The title of this Student Text is “Are you coming or going?”

The Austrian scientist Christian Doppler discovered the Doppler Effect in the nineteenth century. Many type0s of waves, including sound waves, light waves or even waves on water undergo the Doppler Effect. You may have experienced the Doppler effect if you have ever listened carefully to the sound of a siren or horn of an automobile as it approached and then moved away from you. You probably noticed that the pitch of the sound increased as the source of the sound approached you and then decreased as the source moved away.

This is a description of the figure on Contact Card One. Have your card available so you can follow the description.

In Contact Card One, use the heavy solid horizontal line as a base line. There is a dotted line to track. You will find that it forms a smooth curve rising into a crest and then down into a trough and then starts up again to repeat the pattern. One crest and one trough is one wave, so this curve represents three complete waves.

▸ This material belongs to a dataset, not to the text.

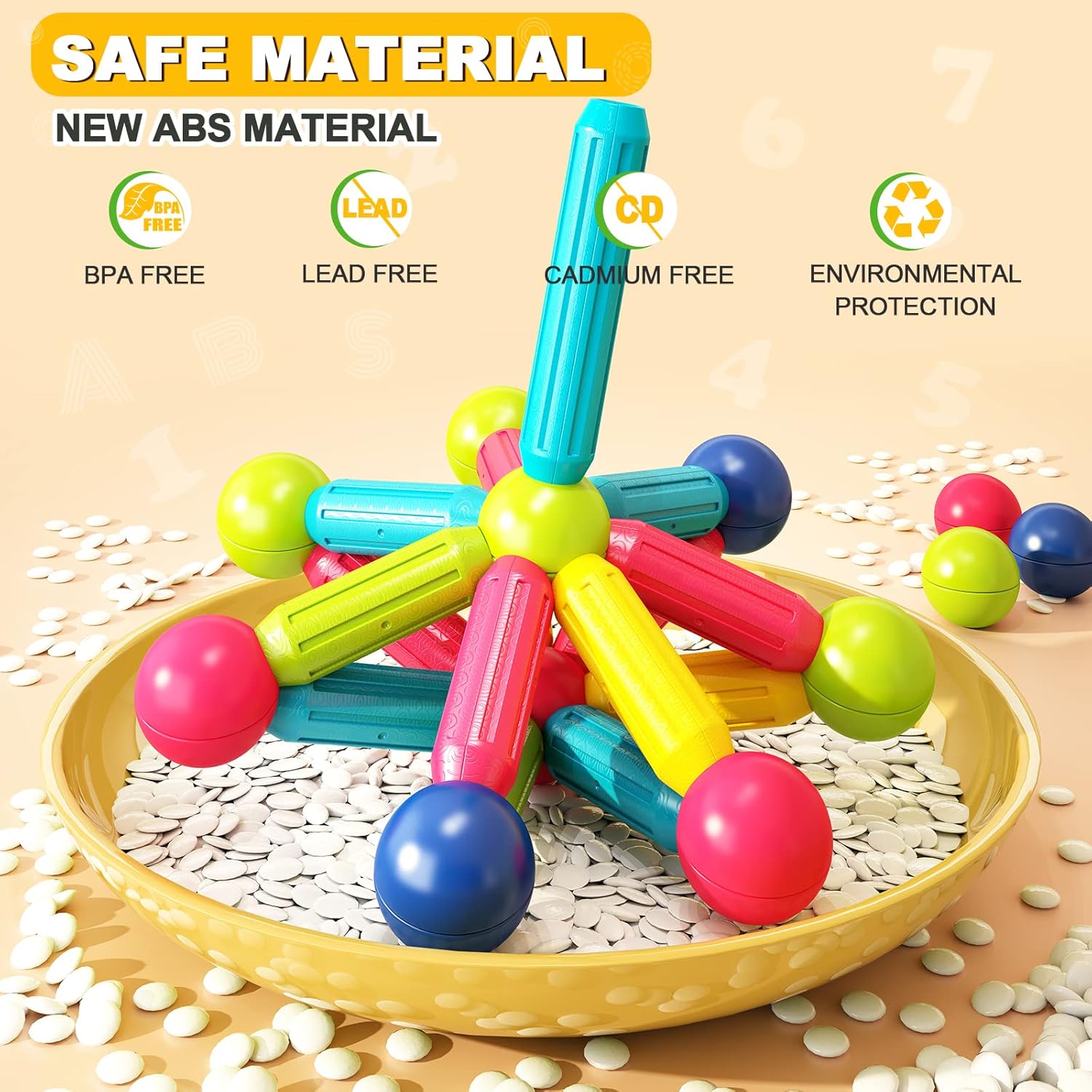 Magnet Toys for 3 Year Old Boys & Girls, Montessori Toys for Toddlers Kids, Magnetic Blocks Building DIY Learning Educational Toys Gift- Starter Set - Image 9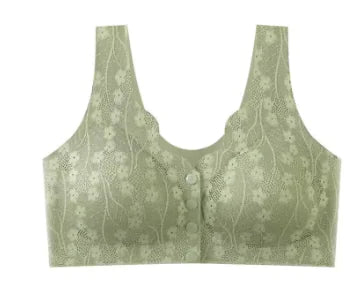 Plus Size Lace Trim Wireless Bra for Older Women - Lingerie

The waves shown in this figure are shaped like the water waves that you can feel when you are in a bathtub or swimming pool. If you are very still in the water, the level of the water remains constant on your body. The heavy solid horizontal line on Contact Card One represents this level. But when water is disturbed, the water waves travel in crests and troughs, so you feel the water level moving up and down. When the water waves crest, the water level comes up higher on your body than it usually does. At a trough, the water is lower than its normal level.

Keep Contact Card One available so that you can compare it with the next contact cards.

This is a description of the figure on Contact Card Two. Place this card to the left of Card One as you follow the description.

Again you will feel a solid horizontal base line. Track the curved dotted line on Contact Card Two. These waves represent compressed sound waves. The wave crests are more closely spaced than the crests on Contact Card One, so there are five complete waves shown on this card. This means that these waves have a higher frequency than those on Card One, because there are more waves in a given distance. If these were sound waves, these waves would have a higher sound than those with a frequency like those on Contact Card One.

This is a description of the figure on Contact Card Three. Place this card to the right of Card One as you follow the description.

Again you will feel a solid horizontal base line. Track the curved dotted line on Contact Card Three. These waves represent rarefied sound waves. The wave crests are farther apart than the crests on Contact Card One. There are only two complete waves on this card. These waves have a lower frequency than the waves on Contact Card One. The sound of these waves would have a lower sound than those have spacing like those on Contact Card One.

As a sound source, such as a siren, approaches, the waves ahead of the source get shoved together like those on Contact Card Two. The decrease in space between the wave crests increases frequency and the sound you hear has a higher pitch. As the sound source moves away from you, the waves grow farther apart, like those on Contact Card Three, and sound drops in pitch.

The same thing happens when you move quickly toward a stationary sound source. Because of your motion, the frequency with which the sound waves strike your eardrums would increase and you would hear a higher pitch sound. If you were moving away from the sound source, the pitch would lower.

These changes in wave frequency and pitch sound are called Doppler Shifts.